● **Instructions to follow**:
From the line that contains "Cute Bow Press" down to the final line of the listing below, set down every line exactly, both ends included, and drop the pictures.

● **The records**:
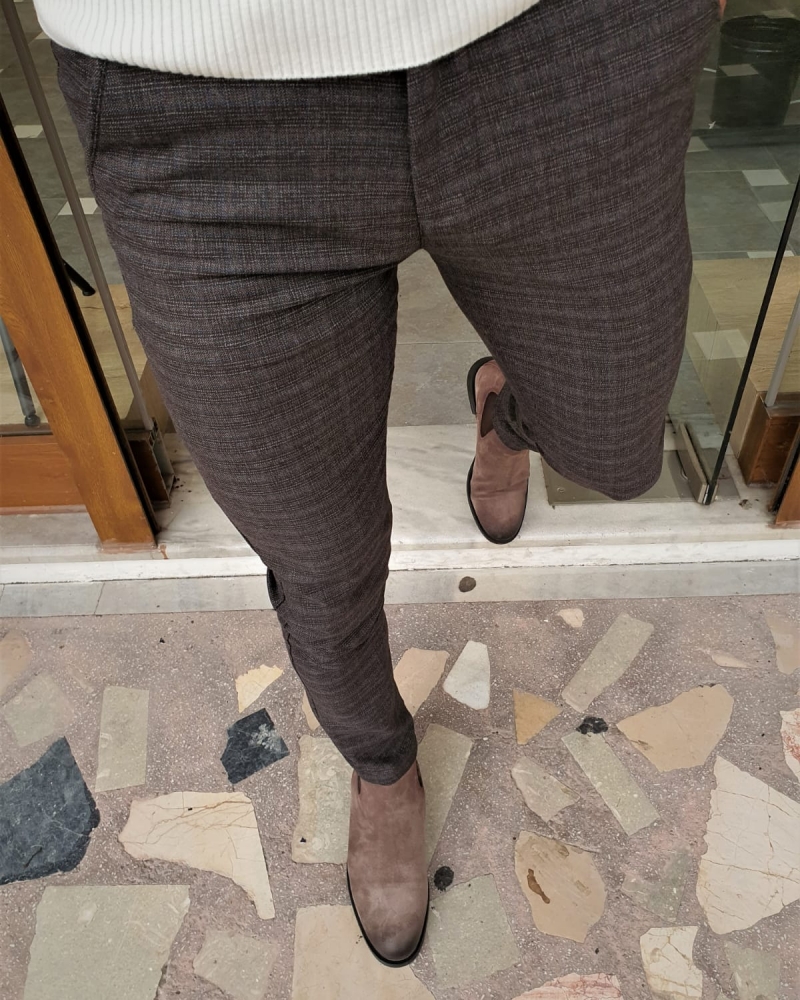 Brown Slim Fit Plaid Cotton Pants by GentWith.com with Free Worldwide Shipping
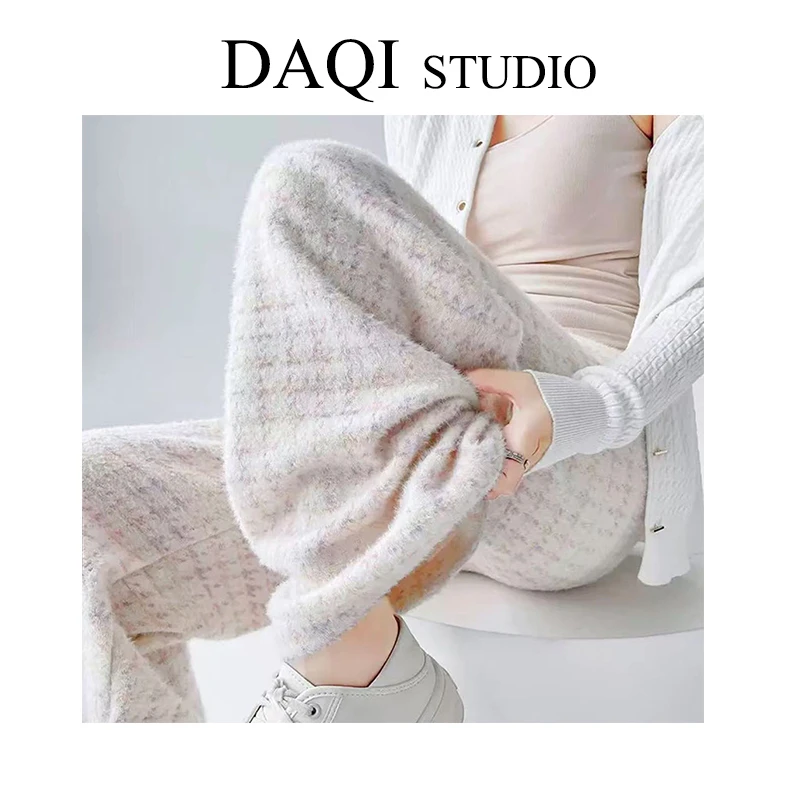 no退no换【冬日闺蜜甜甜】雅丹冬季格子加绒阔腿裤G256-21726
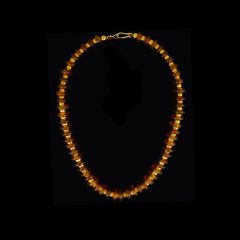 Vintage 14KT Gold & Quartz Rondelle Necklace Open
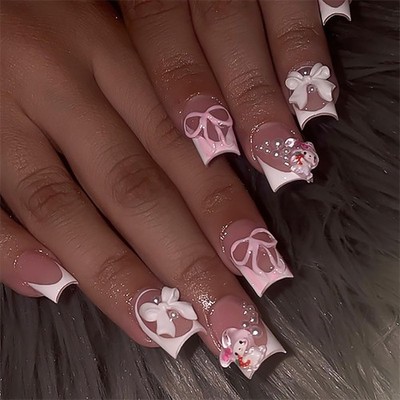 Cute Bow Press on Nails Short Square, White French Tip Fake Nails with Cute B...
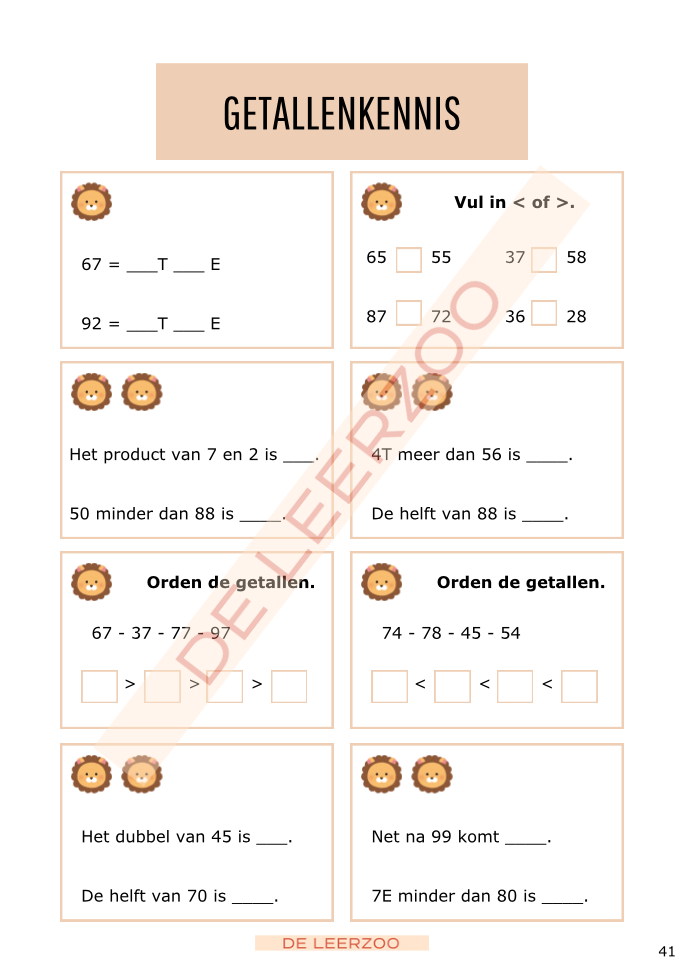 Rekenleeuw: getallenkennis tot 100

● **Response**:
 Cute Bow Press on Nails Short Square, White French Tip Fake Nails with Cute B...
 Rekenleeuw: getallenkennis tot 100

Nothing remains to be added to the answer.